A full moon rises in Monument Valley Navajo Tribal Park, Arizona.
Diana Robinson
A full Moon rises in Monument Valley Navajo Tribal Park, Arizona.

Navajo Nation President Buu Nygren has asked NASA to delay a scheduled launch to the Moon that could include cremated remains.

Nygren says he recently learned of the Jan. 8 launch of the Vulcan Centaur carrying the Peregrine Mission One. The lander will carry some payloads from a company known to provide memorial services by shipping human cremated remains to the Moon.

Nygren wants the launch delayed and the tribe consulted immediately. He noted the Moon is sacred to numerous Indigenous cultures and that depositing human remains on it is “tantamount to desecration.”

NASA previously came under fire after the ashes of former geologist and planetary scientist Eugene Shoemaker were sent to the Moon in 1998.

Then-Navajo Nation President Albert Hale said the action was a gross insensitivity to the beliefs of many Native Americans.
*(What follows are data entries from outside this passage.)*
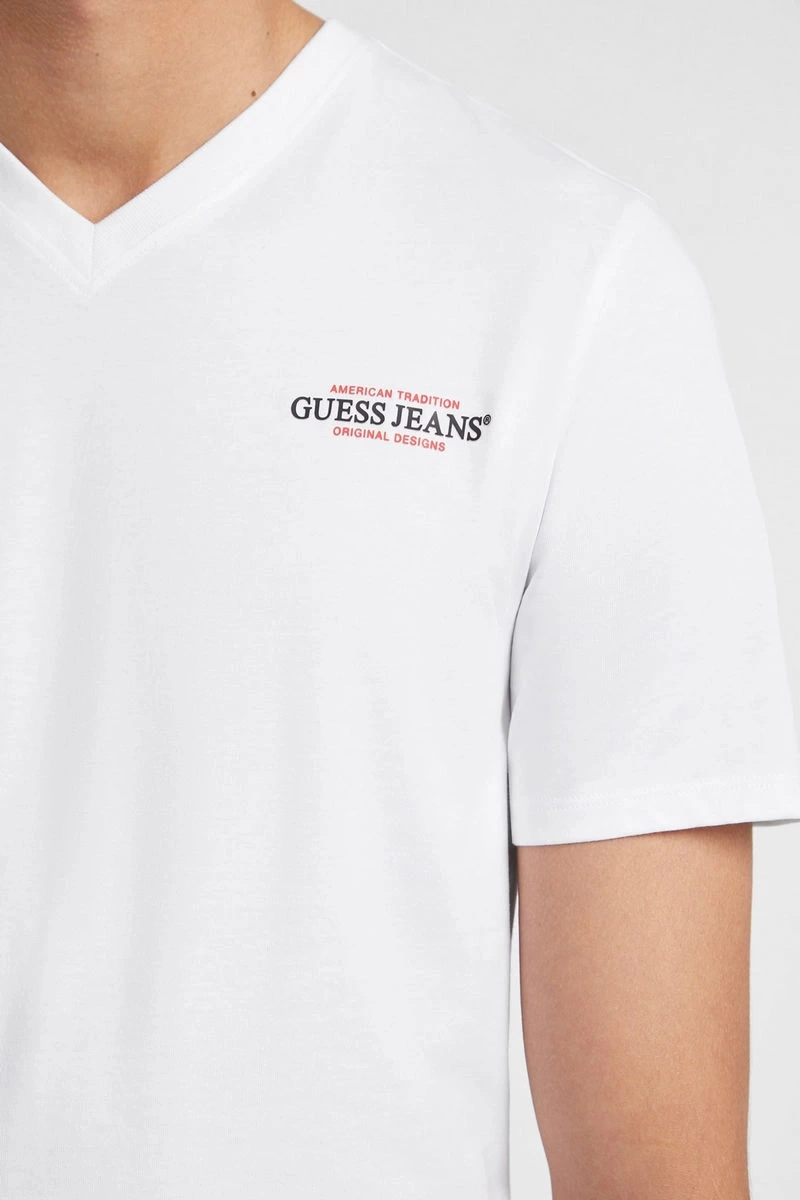 Guess Erkek Slim Fit  Beyaz Kısa Kollu Tişört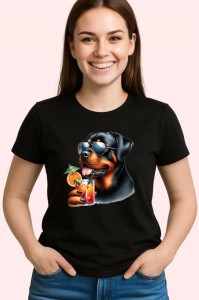 Tricou Caine rottweiler ochelari cocktail portocala vara, Copii | Dama | Barbat , tricou negru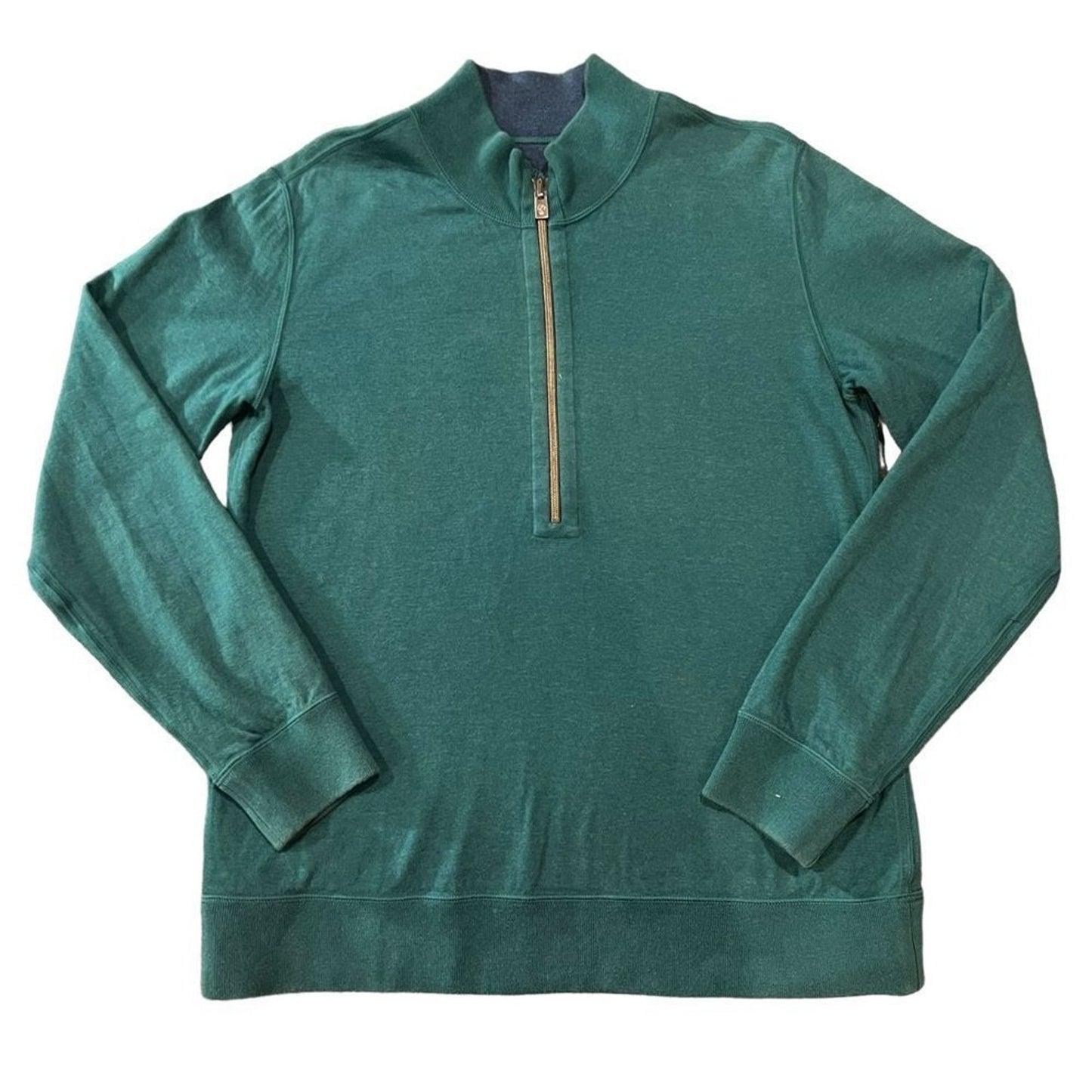 Tommy Bahama Sweater Mens Size Medium Green Blue Reversible 1/4 Zip Pullover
NASA later apologized and promised to consult with tribes before authorizing any similar missions in the future.

Nygren highlighted this commitment in his letter, as well as a 2021 memo signed by the Biden administration that pledged to consult the tribe on matters that impact them.

“This memorandum reinforced the commitment to Executive Order 13175 of November 6, 2000,” President Nygren wrote. “Additionally, the Memorandum of Understanding Regarding Interagency Coordination and Collaboration for the Protection of Indigenous Sacred Sites, which you and several other members of the Administration signed in November 2021, further underscores the requirement for such consultation.”

He added this explicitly recognizes that sacred sites can consist of "places that afford views of important areas of land, water, or of the sky and celestial bodies."

NASA has yet to respond.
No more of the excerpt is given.